Soweit das gewerbesteuerliche internationale Schachtelprivileg Anwendung findet, ist eine Hinzurechnung steuerfreier Gewinnanteile nach § 8 Nr. 5 GewStG für die Ermittlung der Gewerbesteuer nicht vorzunehmen. Eine internationale Doppelbesteuerung der Dividenden ist nicht gegeben.
Beachten Sie | Falls die Voraussetzungen des § 9 Nr. 7 GewStG, z. B. in zeitlicher Hinsicht, für Beteiligungserträge ab dem VZ 2020 jedoch nicht vorliegen, bleibt die Frage der Anrechenbarkeit ausländischer Quellensteuer nach den unter Punkt 2.2 genannten Grundsätzen zu prüfen.
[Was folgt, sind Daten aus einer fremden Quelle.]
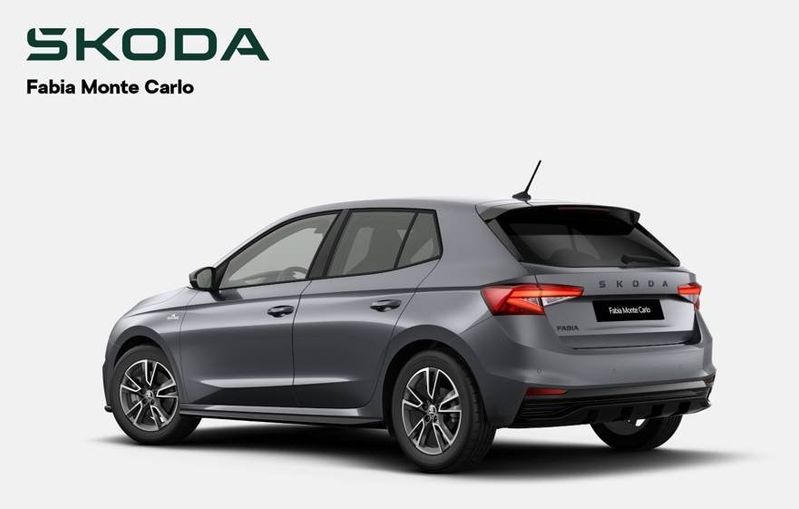 Skoda Fabia bild 3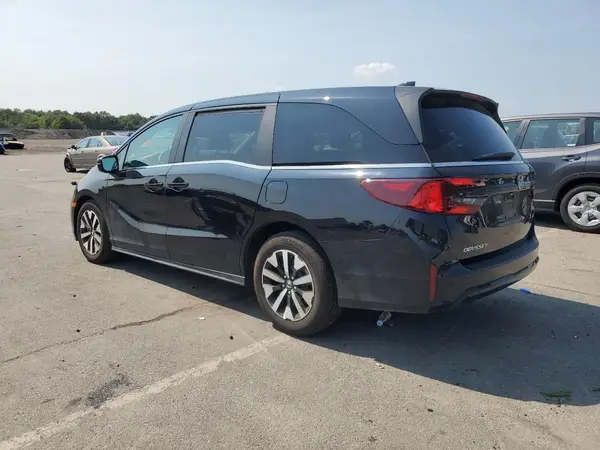 5FNRL6H64SB018113 2025 HONDA ODYSSEY - Image 2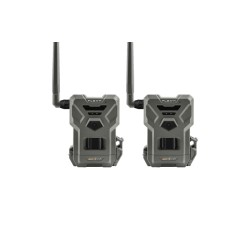 NEW SPYPOINT FLEX-M GREY TWIN PACK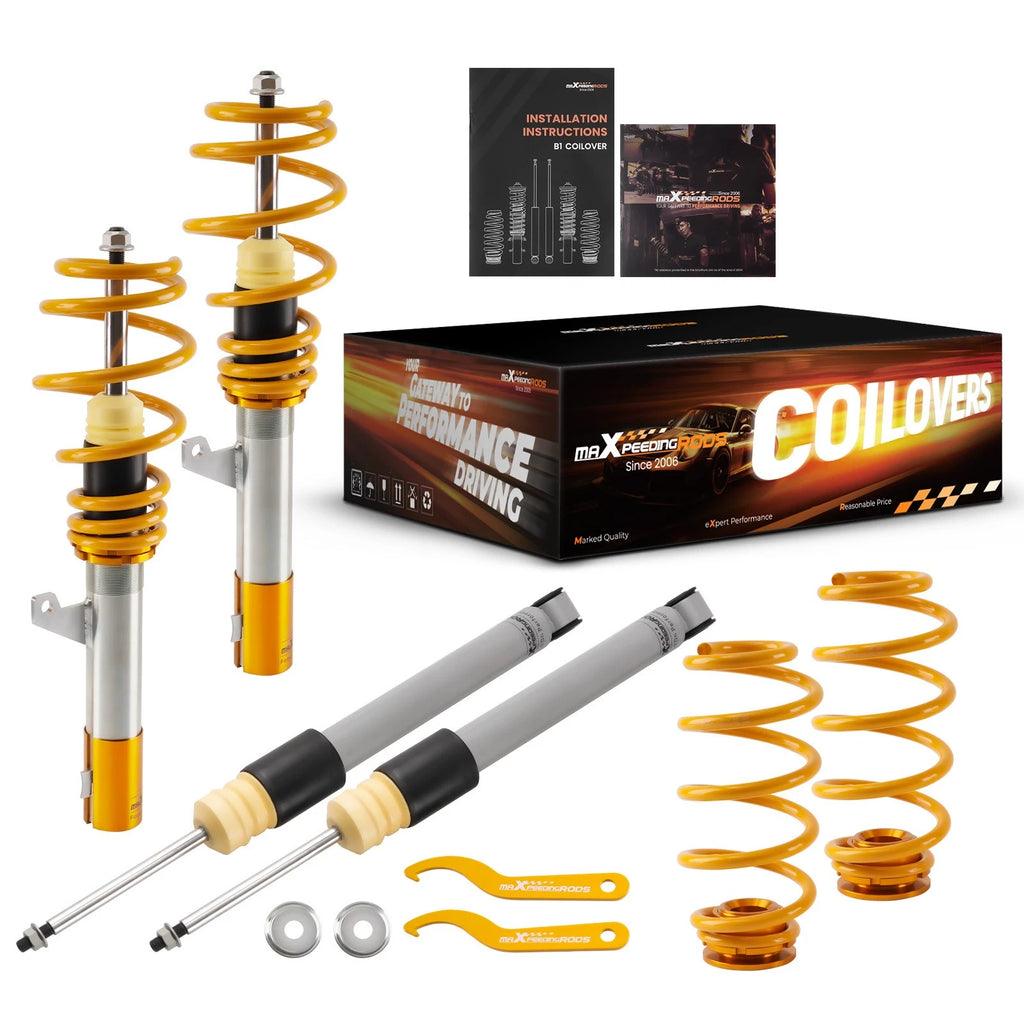 Coilover Kit for VW Passat B6 (2006-2010) / CC (2009-2014)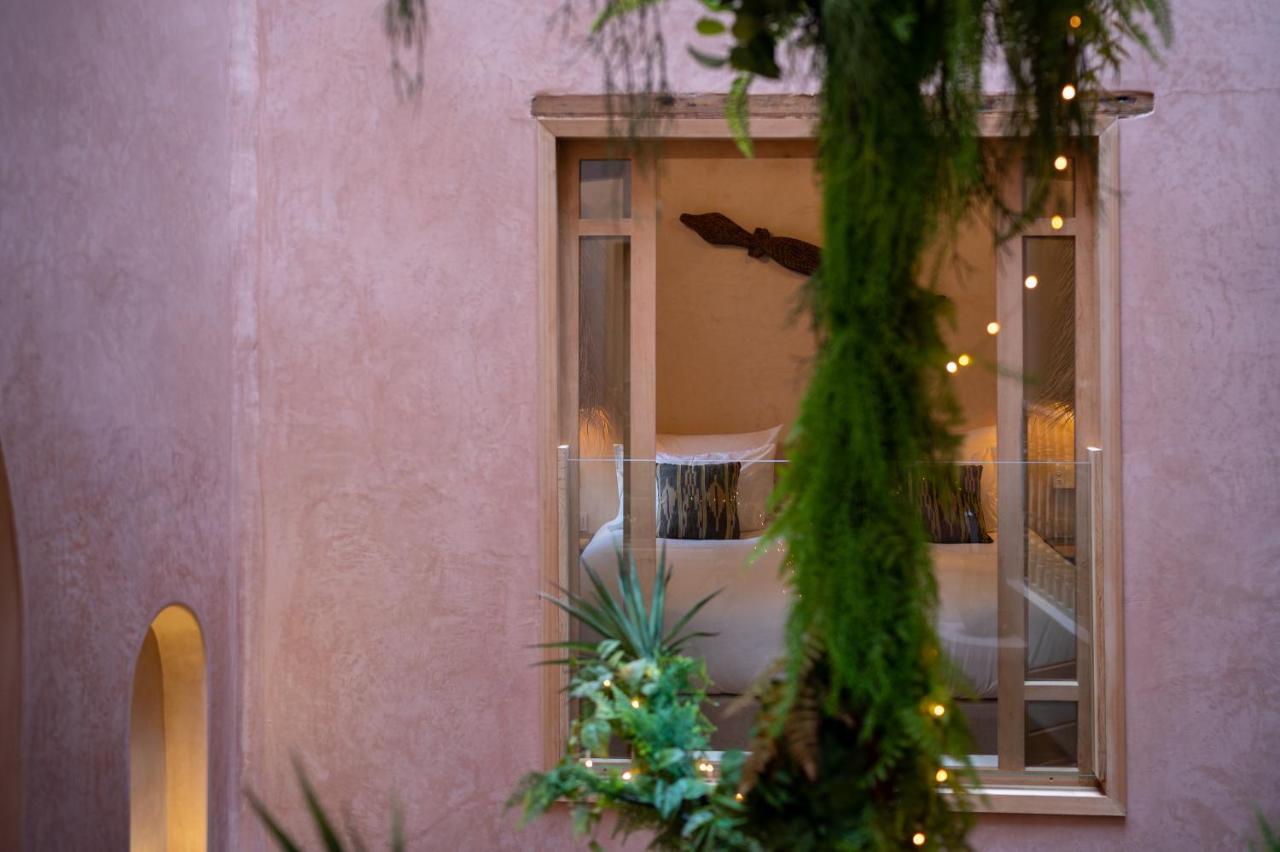 Mama Lova Hotel, Riad, Restaurant & Spa Essaouira Exterior foto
3. Relevanz für die Praxis
Steuerpflichtige und steuerliche Berater sollten bezüglich der VZ ab 2020 insbesondere solche Fälle bei der Gewerbesteuer offenhalten, in welchen die Beteiligung an der ausländischen Kapitalgesellschaft über 10 % aber unter 15 % liegt und ein DBA-Schachtelprivileg für Dividendenerträge eine höhere Mindestbeteiligung voraussetzt. Darüber hinaus könnte für Beteiligungen ab einer Höhe von 15 % eine Anrechnung dann infrage kommen, wenn die Voraussetzungen des § 9 Nr. 7 GewStG nicht erfüllt sind.
Hinsichtlich der verfahrensrechtlichen Berücksichtigung der Anrechnungsmöglichkeit hat das Hessische FG entschieden, dass die Feststellung der Anrechnung sowohl dem Grunde als auch der Höhe nach im Rahmen des Gewerbesteuermessbescheids durch das Finanzamt zu erfolgen hat und nicht etwa im Rahmen des Erlasses des Gewerbesteuerbescheids durch die Gemeinde.
PRAXISTIPP | Relevante Gewerbesteuermessbescheide für die VZ ab 2020 sollten deshalb mit Einspruch angefochten und das Ruhen des Verfahren gemäß § 362 Abs. 2 S. 2 AO unter Hinweis auf die beim BFH zwischenzeitlich eingelegte Revision mit I R 8/21 beantragt werden. Da jedoch die Frage der verfahrensrechtlichen Berücksichtigung der Anrechnung selbst Gegenstand des Revisionsverfahrens beim BFH ist, empfiehlt sich m. E. ebenfalls, gegen die Gewerbesteuerbescheide der Gemeinden insoweit Widerspruch einzulegen und Ruhen des Verfahrens zu beantragen. |
Zumindest in EU-Fällen könnte ein Widerspruch gegen den entsprechenden Gewerbesteuerbescheid m. E. auch auf die Vorschrift des § 174 Abs. 1 AO gestützt werden. Der BFH hatte mit Urteil vom 9.5.12 (I R 73/10, DStR 12, 1750) klargestellt, dass fehlerhafte (inländische) Steuerbescheide auch dann geändert werden können, wenn der widerstreitende Bescheid von einer Behörde eines EU-Mitgliedstaats stammt. In dem zugrunde liegenden Fall sah der BFH eine widerstreitende Steuerfestsetzung im Sinne einer unzulässigen Doppelberücksichtigung von Einkünften sowohl in der Bemessungsgrundlage der deutschen als auch der niederländischen Einkommensteuer u. a. vor dem Hintergrund der Regelungen des DBA-Niederlande als gegeben an.
Hinsichtlich widerstreitenden Steuerfestsetzungen in EWR- oder Drittstaaten-Fällen ist die Anwendbarkeit von § 174 Abs. 1 AO jedoch weiterhin sehr umstritten (offengelassen BFH 20.3.19, II R 61/15, DStR 19, 1090; vgl. zum Streitstand Rüsken in: Klein, AO, 15. Auflage 2020, § 174, Rn. 15).